In this section, we show the experimental setup and detailed results. We first elaborate the two datasets used in our experiments, evaluation metrics and data processing details. Second we show exhaustive ablation studies for egocentric gaze estimation and compare with prior works. Third, we validate the generalization capability of our model by applying it to gaze saccade/fixation prediction and egocentric action recognition. Finally, we visualize the predictions and correlation weights in GLC module to provide more insights.

4.1 Datasets and Metrics

Datasets. We conducted our experiments on two egocentric video datasets with gaze tracking data serving as ground truth – EGTEA Gaze+ (Li et al., 2018) and Ego4D (Grauman et al., 2022). The EGTEA Gaze+ dataset is captured under the meal preparation setting, which involves a great deal of hand-object interactions. We used the first train/test split from EGTEA Gaze+ in our experiments (8299 clips for training and 2022 clips for testing). The Ego4D dataset includes 27 videos of 80 participants totaling 31 h with gaze tracking data captured under the social setting. We split the long videos into 5-second video clips and pick clips containing gaze fixation. We used 20 videos (15,310 clips) for training and the other 7 videos (5202 clips) for testing. Note that we keep using the same train/test split for all the three tasks – egocentric gaze estimation, gaze saccade/fixation prediction and action recognition. Importantly, this is the first work that uses the Ego4D dataset for egocentric gaze estimation, and we have made our split publicly available to drive future research on this topic.

Evaluation Metrics. Following Li et al. (2018, 2021) (the source of the EGTEA Gaze+ dataset), we adopt F1 score, recall, and precision as the evaluation metrics for gaze estimation. Note that we do not consider AUC score as our main metrics, since AUC performance can become saturated due to the long-tailed nature of the distribution of gaze in a single frame. In terms of saccade/fixation prediction, we primarily measure the performance by average F1 (average of F1 scores of the two categories) and mean class average (following Li et al. (2021)) because of the imbalance of saccade and fixation, but regular accuracy metric is also provided for reference. For action recognition, we directly follow prior works (Li et al., 2021; Hao et al., 2022) and adopt top-1 accuracy, top-5 accuracy and mean class accuracy.

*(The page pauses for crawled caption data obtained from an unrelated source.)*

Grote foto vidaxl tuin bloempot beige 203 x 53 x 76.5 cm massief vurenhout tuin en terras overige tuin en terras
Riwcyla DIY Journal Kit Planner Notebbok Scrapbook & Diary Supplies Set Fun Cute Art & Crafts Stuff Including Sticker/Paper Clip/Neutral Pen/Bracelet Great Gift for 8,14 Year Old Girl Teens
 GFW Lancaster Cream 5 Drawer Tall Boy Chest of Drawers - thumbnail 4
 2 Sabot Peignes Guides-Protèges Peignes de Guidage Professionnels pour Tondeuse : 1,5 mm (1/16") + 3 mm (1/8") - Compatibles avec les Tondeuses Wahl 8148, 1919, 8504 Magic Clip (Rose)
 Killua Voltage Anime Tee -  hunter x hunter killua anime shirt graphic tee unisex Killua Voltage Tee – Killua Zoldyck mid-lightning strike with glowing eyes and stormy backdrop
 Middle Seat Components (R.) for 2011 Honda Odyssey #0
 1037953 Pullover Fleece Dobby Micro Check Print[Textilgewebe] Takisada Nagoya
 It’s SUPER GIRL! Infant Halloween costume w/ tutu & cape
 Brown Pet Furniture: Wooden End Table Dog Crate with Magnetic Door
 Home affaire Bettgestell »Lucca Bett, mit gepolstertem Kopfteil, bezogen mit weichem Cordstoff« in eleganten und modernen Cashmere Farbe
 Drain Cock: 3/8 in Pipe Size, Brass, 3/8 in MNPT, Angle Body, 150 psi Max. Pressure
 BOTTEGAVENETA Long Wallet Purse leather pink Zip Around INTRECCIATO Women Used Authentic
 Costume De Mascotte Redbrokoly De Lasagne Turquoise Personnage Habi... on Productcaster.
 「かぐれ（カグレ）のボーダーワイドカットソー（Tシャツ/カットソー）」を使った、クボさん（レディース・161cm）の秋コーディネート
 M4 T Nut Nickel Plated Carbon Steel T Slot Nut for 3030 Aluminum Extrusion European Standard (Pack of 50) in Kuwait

Data Processing. At training time of egocentric gaze estimation, we randomly sample 8 frames from each video with a sampling interval of 8 as input (i.e. selecting 8 frames from a 72-frame window with equal spacing). All videos are spatially downsampled to 256 in height while keeping the original aspect ratio. We further implement multiple data augmentations including random flipping, shifting, and resizing. We then randomly crop each frame to get an input with dimensions \(8\times 256\times 256\). The output from the decoder is a downsampled heatmap with dimension \(8\times 56\times 56\). For visualization, the output heatmap is upsampled to match the input size by trilinear interpolation. At inference time, the input clip is center-cropped. For gaze labels, we generate a gaussian kernel centered at the gaze location in each input frame with a kernel size of 19 following Chong et al. (2020). We use a uniform distribution for frames where gaze is not tracked in training and only calculate metrics on frames with fixated gaze in testing as in the work of Li et al. (2018). For the EGTEA Gaze+ (Li et al., 2018) dataset, we determine which frames to calculate metrics on by using the provided label of gaze fixations and saccades. On the Ego4D (Grauman et al., 2022) dataset, no label of gaze type is available. We calculate the euclidean spatial distance of gaze between adjacent frames and consider the tracked gaze to be a saccade if the distance is above a threshold, and treat it as fixation otherwise. We adopt an empirical threshold of 40.

In terms of gaze saccade/fixation prediction, we adopt the same data processing settings as gaze estimation. We aggregate the frame-level labels of gaze type to get the label for each video segment. Specifically, the percentages of saccade frames account for 27% and 17% on EGTEA Gaze+ and Ego4D, respectively. The video segment is labeled as saccade if any sampled frame is annotated as saccade. Otherwise, it’s labeled as gaze fixation. Consequently, the ratio of saccade and fixation is 4:1 on EGTEA Gaze+ and 2:1 on Ego4D.

As for egocentric action recognition, we only implement experiments on EGTEA Gaze+ because Ego4D doesn’t provide action labels. The data processing procedures are identical to gaze estimation except that we set the input dimensions as \(8\times 224\times 224\) during training. In testing, the input dimension is \(8\times 256\times 256\) following Li et al. (2021). We also adopt more data augmentation including MixUp (Zhang et al., 2017), color jittering and random erasing.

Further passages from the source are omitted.